Two categories left in our exploration of Time magazine's 100 Best Nonfiction Titles list: today Sports, next time, War. YAY!*

So here's what Time had to say about the Sports category:

Ball Four, by Jim Bouton
The Sweet Science, by A.J. Liebling

Well, this is another category where Time didn't wear itself out suggesting titles. I've not read either of them, although I do like Liebling and the Ball Four book, first published in 1970 as an "inside story" about baseball, sounds pretty interesting. As long as they were going to have a sports category, I'm surprised they only listed two books, but hey, to each their own. It's a bit tricky to list what I think are the best Sports books--I already mentioned at least one in the Biography section (Pistol, by Mark Kriegel).

Seabiscuit: An American Legend, by Laura Hillenbrand. Yes, I know pretty much everyone has read this book already. But it's that rarest of rare nonfiction books: one that lives up to the hype. Anyone who likes a good underdog story will enjoy Hillenbrand's historical narrative about Seabiscuit, the little knobby-kneed horse that could.

The Ticket Out: Darryl Strawberry and the Boys of Crenshaw, by Michael Sokolove. A heartbreaking book about baseball players who make it, against all odds, to the big leagues, and then still suffer from things like drug addiction and not knowing how to handle success and money.

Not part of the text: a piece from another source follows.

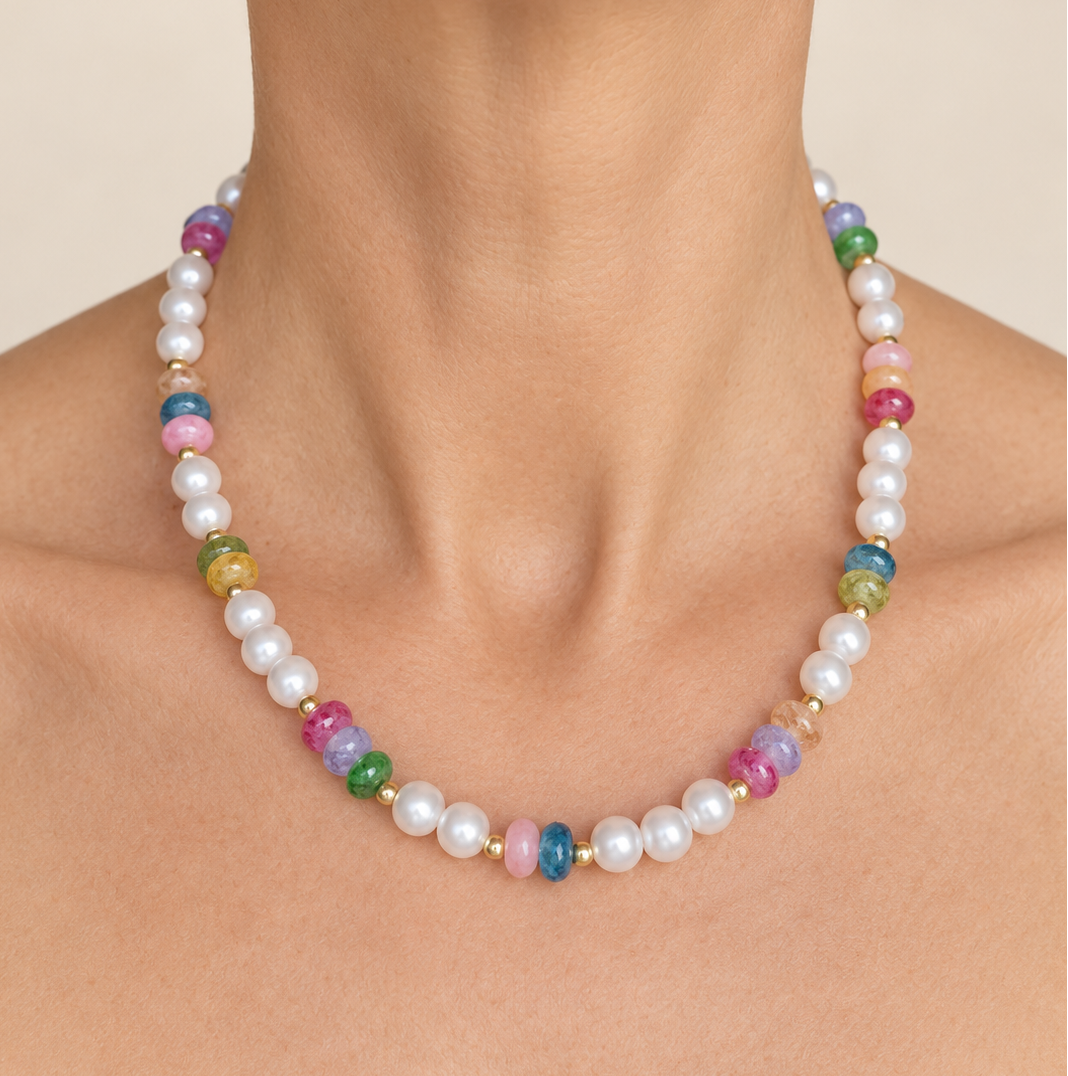 Bunte Perlenkette mit weißen Acrylperlen und Rondellen – goldfarben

Scoreboard, Baby: A Story of College Football, Crime, and Complicity, by Ken Armstrong and Nick Perry. A particularly timely read, in light of the Penn State scandal; this is an eye-opening read about exactly how much violence and criminality people are willing to allow in their college sports program culture (warning: it's a lot, including rape, savage beatings, and shootings). The authors, journalists both, focus primarily on the University of Washington football team.

I thought about listing The Blind Side, by Michael Lewis, but I think Michael Sokolove's book covers much the same ground (impoverished youth making it through sports--spoiler alert: Darryl Strawberry's life story and struggles with drug addiction will make you cry) without as much sentimentality, and is a superior read, although I do feel The Blind Side is a very good book.

*Not yay, war; yay, we're almost done. Although I may still do a couple of lists of Investigative, Travel, and True Crime: three huge categories Time ignored, for whatever reason. I guess I can see leaving out Investigative and True Crime, but Travel? Come on.